見もの・読みもの日記

興味をひかれた図書、Webサイト、展覧会などを紹介。

信越ミニ旅行(1):直江津、春日山城址

2008-06-08 23:56:03 | 行ったもの(美術館・見仏)
○直江津(御館跡、安寿と厨子王供養等、浜善光寺など)~五智国分寺~春日山城跡~高田

 たまたま金曜日の午後に外まわりの仕事が入った。ふだん定時に職場を離れることが絶望的にできない私には、絶好の遠出のチャンスである。 大宮を17時過ぎの上越新幹線で発ち、越後湯沢でほくほく線に乗り継ぎ、直江津に下り立ったのは、まだほのかに夕明かりの残る19時半過ぎ。駅前のホテルで1泊。

 昨年は、NHKの大河ドラマ『風林火山』にハマって、8月に甲府、11月に長野の川中島一帯を歩きに行った。あとは上杉謙信の春日山城を訪ねたいと思っていたのだが、季節が冬に入ってしまったので、暖かくなるのを待っていたのである。それにしても、ネットでは、いちおう「上越観光ネット」なるサイトをチェックしていたのだが、旅の行きがけに、大宮の小さな本屋で上越市の観光ガイドを探したら、ない。そもそも新潟県のガイドブックがマイナーで、置いてあったり無かったりするのだが、あっても「新潟・佐渡」が中心で、上越市なんて一切記述がないのである。かくて私は、地図も持たずに直江津に来てしまった。

 翌日は、ホテルのロビーで簡単な観光地図を入手し、これをたよりに歩き始める。直江津駅周辺~海岸の小さな史跡・寺社をめぐって歩く。それから、五智国分寺(上杉謙信が再建。古代の越後国分寺の所在地は未詳)と越後一ノ宮・居多神社を経て南下、いよいよ春日山城跡の入口にある「ものがたり館」が見えてくる。ここはパネルやビデオで春日山城跡の概要を紹介するガイダンス施設である。広場に復元された堀と土塁の上には、「竹に雀」の上杉氏の家紋の旗と「毘」の旗が、勇ましく風に翻っている。

 周辺は、傾斜地を切り開いた田園地帯。そこそこに家も連なり、時折、舗装道路を自動車やバイクが上がっていく。やがて林泉寺に到着。細い山道を塞ぐように設けられた惣門(春日山城の遺構と伝える)は、韓国のお寺に似ていると思った。謙信公の墓所に詣でる。

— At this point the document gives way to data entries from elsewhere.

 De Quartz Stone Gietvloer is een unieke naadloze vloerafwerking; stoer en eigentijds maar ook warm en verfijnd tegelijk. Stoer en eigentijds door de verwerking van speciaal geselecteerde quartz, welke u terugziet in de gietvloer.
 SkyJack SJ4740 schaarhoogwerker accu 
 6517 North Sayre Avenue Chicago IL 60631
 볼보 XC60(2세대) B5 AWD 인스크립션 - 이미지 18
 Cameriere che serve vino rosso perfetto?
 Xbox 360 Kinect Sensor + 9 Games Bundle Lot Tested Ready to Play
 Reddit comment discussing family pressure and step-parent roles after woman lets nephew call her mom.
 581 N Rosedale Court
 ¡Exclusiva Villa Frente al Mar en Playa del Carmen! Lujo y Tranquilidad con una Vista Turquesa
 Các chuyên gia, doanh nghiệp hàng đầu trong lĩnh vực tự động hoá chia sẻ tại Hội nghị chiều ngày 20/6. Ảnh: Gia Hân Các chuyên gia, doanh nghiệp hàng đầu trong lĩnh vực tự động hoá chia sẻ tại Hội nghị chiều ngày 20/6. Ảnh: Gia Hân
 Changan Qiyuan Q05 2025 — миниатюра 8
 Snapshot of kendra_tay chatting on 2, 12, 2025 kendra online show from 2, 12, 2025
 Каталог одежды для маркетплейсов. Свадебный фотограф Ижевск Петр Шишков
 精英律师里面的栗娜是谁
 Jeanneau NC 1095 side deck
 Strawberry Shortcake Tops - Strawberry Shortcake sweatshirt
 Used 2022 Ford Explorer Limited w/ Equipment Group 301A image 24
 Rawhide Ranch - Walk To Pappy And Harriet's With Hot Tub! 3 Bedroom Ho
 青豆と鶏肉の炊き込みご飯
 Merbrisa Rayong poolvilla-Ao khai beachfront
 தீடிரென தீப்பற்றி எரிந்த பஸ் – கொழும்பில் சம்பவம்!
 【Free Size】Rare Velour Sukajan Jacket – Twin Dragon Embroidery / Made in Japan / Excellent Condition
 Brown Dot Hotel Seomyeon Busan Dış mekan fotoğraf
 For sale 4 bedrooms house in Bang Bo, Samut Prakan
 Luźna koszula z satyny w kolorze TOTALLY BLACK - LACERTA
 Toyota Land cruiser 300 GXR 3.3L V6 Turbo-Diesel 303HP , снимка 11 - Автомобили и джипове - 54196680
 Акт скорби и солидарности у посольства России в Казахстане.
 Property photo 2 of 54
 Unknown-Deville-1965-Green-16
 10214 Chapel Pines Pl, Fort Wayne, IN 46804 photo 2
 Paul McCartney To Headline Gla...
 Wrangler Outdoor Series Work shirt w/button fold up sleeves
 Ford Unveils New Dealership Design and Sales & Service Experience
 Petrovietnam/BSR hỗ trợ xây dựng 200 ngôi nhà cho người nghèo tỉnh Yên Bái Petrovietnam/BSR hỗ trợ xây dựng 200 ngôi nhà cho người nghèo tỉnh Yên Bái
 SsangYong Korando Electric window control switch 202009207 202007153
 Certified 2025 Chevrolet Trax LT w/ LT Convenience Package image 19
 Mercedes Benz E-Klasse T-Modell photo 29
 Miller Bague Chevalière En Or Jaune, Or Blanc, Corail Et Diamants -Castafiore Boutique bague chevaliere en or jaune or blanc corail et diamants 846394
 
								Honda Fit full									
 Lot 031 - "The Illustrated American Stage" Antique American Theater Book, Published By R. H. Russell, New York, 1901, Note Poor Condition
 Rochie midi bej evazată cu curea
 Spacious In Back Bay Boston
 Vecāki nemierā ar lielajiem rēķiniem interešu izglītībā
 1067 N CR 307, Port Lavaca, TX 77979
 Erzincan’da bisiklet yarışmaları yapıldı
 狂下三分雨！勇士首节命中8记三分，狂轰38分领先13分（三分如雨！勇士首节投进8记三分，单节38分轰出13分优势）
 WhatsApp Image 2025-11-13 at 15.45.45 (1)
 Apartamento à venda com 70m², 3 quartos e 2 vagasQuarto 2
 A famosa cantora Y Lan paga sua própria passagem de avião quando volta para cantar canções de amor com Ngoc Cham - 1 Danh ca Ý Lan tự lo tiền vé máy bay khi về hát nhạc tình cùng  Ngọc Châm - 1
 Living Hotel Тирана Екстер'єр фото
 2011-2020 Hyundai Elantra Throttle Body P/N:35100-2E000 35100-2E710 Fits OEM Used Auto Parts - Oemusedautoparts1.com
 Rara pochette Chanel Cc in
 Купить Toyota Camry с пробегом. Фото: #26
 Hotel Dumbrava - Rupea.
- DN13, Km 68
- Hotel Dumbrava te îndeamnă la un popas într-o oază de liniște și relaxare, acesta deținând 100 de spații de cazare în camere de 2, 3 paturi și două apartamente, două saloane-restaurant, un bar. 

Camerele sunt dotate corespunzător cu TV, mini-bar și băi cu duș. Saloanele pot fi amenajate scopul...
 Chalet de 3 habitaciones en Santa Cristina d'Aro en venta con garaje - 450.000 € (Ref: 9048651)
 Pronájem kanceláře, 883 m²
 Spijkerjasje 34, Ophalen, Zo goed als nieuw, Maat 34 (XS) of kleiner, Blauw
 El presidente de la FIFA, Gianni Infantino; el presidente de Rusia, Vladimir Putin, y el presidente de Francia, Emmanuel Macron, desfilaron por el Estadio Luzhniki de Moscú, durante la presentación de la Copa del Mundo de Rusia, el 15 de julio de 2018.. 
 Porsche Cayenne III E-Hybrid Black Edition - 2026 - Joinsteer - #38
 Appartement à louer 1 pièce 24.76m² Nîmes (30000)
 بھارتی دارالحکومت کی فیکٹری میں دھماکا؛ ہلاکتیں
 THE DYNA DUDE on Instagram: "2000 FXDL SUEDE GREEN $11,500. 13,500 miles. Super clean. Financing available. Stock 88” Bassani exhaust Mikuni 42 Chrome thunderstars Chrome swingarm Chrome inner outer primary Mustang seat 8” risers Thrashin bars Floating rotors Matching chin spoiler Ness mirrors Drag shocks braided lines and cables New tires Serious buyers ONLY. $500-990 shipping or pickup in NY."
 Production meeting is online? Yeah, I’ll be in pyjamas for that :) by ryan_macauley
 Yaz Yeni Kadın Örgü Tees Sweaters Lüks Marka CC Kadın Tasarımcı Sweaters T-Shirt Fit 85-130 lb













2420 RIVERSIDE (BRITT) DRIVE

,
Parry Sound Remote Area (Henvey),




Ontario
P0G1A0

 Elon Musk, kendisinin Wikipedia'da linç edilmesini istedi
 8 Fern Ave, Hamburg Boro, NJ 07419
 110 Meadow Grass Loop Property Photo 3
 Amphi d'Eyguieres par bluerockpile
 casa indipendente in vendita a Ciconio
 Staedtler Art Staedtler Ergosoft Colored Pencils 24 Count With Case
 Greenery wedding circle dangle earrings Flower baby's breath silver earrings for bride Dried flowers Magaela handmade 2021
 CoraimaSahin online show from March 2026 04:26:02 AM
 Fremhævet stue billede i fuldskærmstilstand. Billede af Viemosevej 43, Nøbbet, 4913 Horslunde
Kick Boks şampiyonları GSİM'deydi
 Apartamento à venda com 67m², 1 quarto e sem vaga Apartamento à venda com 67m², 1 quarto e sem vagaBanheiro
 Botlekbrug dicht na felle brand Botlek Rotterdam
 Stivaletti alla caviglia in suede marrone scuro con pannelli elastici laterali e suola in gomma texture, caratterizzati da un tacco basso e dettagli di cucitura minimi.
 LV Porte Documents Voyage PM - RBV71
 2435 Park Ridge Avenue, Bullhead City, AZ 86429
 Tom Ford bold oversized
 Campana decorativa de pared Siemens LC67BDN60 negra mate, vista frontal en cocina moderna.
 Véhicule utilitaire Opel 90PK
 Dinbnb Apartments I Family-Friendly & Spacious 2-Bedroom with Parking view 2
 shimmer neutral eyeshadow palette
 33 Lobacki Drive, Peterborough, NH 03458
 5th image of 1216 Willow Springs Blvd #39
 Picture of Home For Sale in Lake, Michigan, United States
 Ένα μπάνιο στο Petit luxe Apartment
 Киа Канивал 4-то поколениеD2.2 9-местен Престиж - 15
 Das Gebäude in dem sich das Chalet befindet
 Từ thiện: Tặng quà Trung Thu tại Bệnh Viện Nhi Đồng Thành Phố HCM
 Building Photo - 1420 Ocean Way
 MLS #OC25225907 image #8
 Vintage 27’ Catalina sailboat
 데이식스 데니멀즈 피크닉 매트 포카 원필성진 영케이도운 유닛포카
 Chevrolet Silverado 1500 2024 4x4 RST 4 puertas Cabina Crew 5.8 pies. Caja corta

 林泉寺を出て、だらだら坂をしばらく上ると、長い石段の下に出る。これを一気に上ると、春日山神社。祭神は謙信公その人である。売店でいただくご朱印にも感慨あり。社殿の並びに、観光ポスターなどでよく見る謙信公の銅像があるのだが、高い石垣の上にあるので、気づかない人も多いようだ。ここから本格的な山道に分け入る。写真は、山道の入口に据付けられていた物置(?)。「毘」は泥棒除けかなあ、と思うと微笑まれる。



 慶長12年(1607)に廃城となった春日山城には、石垣、楼門などの遺構は何も残っていない(山頂付近に毘沙門堂が復元されているのみ)。アザミ咲く草地に立てられた、千貫門、直江屋敷などの説明板に往時をしのびながら、ぐんぐん上がる。山頂の本丸に着くと、はるか眼下に田園風景が開ける。絶景! なるほど、天上に舞う龍になったような気持ちである。

 景勝屋敷跡、柿崎和泉守屋敷跡などを経て、ゆるゆると山を下り、最後に埋蔵文化財センターを訪ねた。現在、2009年の大河ドラマ『天地人』放映に向けて、『越後上越上杉戦国物語展』を開催中。だが、会場に流れていたのは『風林火山』のテーマ曲。時計の針が半年ほど元に戻ったようで懐かしかった。『風林火山』の春日山城のシーンで使用された龍の床絵(壁画)も展示されている。

 夕刻、高田に着。まだ明るかったので、三重櫓で有名な高田城を見に行く。ここでもう1泊。

■参考:埋もれた古城(個人サイト):春日山城
http://www.asahi-net.or.jp/~ju8t-hnm/Shiro/Hokuriku/Niigata/Kasugayama/index.htm
 今回は、簡単な観光マップに従って1周しただけだが、歩けば歩くほど奥深そう。しかし、こんな壮大な山城が日本にあったなんて、本当にびっくりした。ヨーロッパの修道院を思わせるところもある。